Starting this post, I was more than tempted to dive into how incredible this past year has been for me; all the fun and wild things I’ve seen and done, the incredible friends I’ve made, and all the experience, knowledge and memories I’ve gained and will never forget. But the things I’ve done this year, although wonderful and what my blog consists of the most, aren’t nearly as important as who I’ve become and how I’ve changed. Even though I didn’t chose university right out of high school, I’m sure my peers who did can agree that your first year out in the real world and on your own, whether you’re at a college 10 minutes away from home or across the world, undoubtably changes you in so many different ways that even you don’t understand them all.
Now that I’m home, I’m getting pretty railed with questions on what my future holds, purely out of genuine curiosity or skepticism by my friends and especially from those who I know never originally agreed with my decision not to go to school. “What are you doing next?” “Are you going to school or do you plan to?” “What do you want to do?”
Sometimes I don’t want to deal with the interrogation, other times I’m more than excited to represent my decision to take time off as positively as I can. I want to impress the skeptics, prove to them I made the right choice, I did good things, I learned a lot, I’ve seen so much, yada yada yada. I hear myself quoting the “Gap Year” books I’ve read. I see the questions in their eyes and the expressions of support and understanding, or ones of suspicion, doubt, or even sadness for time I’ve lost or my young ignorance.
This would have, and did, make me doubt myself a year ago, because even I wasn’t sure of my choice or what it would do for me. Talk about change in myself: now it couldn’t bother me less. I’ve never been more confident in my choices, and even more important I’ve never been happier about my future. Thinking of my plans for the near future makes me smile and gets me excited. Just that fact alone pushes me further and makes my plans bigger. I know I haven’t had the life experience of any grown adult, and usually my critics only want what is best and they make me thrive and question myself, which refines my decisions in the most beneficial ways. I am sure, no matter what, one day I’ll look back and say “Ah, I could have done that better”, but at least I won’t be saying “Ah, I should have done that.” I don’t like my choices being thought of as young, naive or ignorant, but I can understand the perspectives of those who might think they are. The only mindset I can’t tolerate is when what I’m doing is considered a mistake.
One of the most important things I have come to realize is how free I am, how many opportunities are out there. And the most important thing I’ve learned is to take absolute and full advantage of it.

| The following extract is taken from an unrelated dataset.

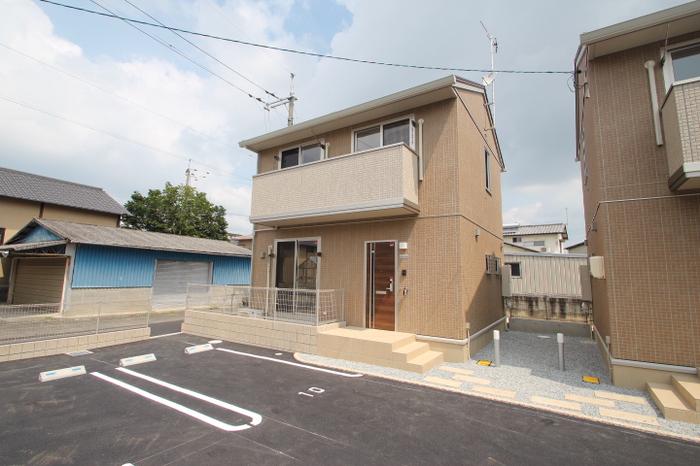 岡山県岡山市中区 2階建 築10年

“What are you doing next?”
“Are you going to school or do you plan to?”
“What do you want to do?”
-My brother is getting married in two weeks, and I’m back to his home in Denver after the wedding to catsit during his honeymoon for three weeks with my friend. My plan for this summer is basic but important and revolves around saving money. Work, see friends and family, and work. Interviewing for jobs and mentioning I’ll be gone practically the first month of my employment really does not help. Other than mostly work, my goals are to get my scuba Dive Master, get my STCW Basic safety training for living onboard a ship, practice Spanish, and work on a conservation project I have underway in my area. After summer and visiting all my friends in school in August when they go back, my plans are flexible but definitely involving working at a dive shop to improve my diving skills and living and working in possibly Central America again for a little while. My big and most important plan is working on a yacht or ship come January. I would like to start working on one sooner but am adamant about being home for Christmas and know that would be unlikely if I hopped on a ship for a few months prior to December. September-December I hope to improve my marine skills, work, surf a little, and gain more knowledge and experience.
– Ah my favorite question. I see more schooling in my future, but not extremely soon. I find myself actually wanting to learn more; reading a lot more, listening to biology lectures, studying fish identification, etc. What I want to do does not particularly need schooling if you have the right experience and knowledge, but that is debatable on many ends.
– Of course the leading question, what do I want to do? To be general, what I do will always be involving animal advocacy, conservation and wildlife conservation, and public awareness on those subjects. My grand plan in 2015 is to live and work in Africa and begin doing what I truly love.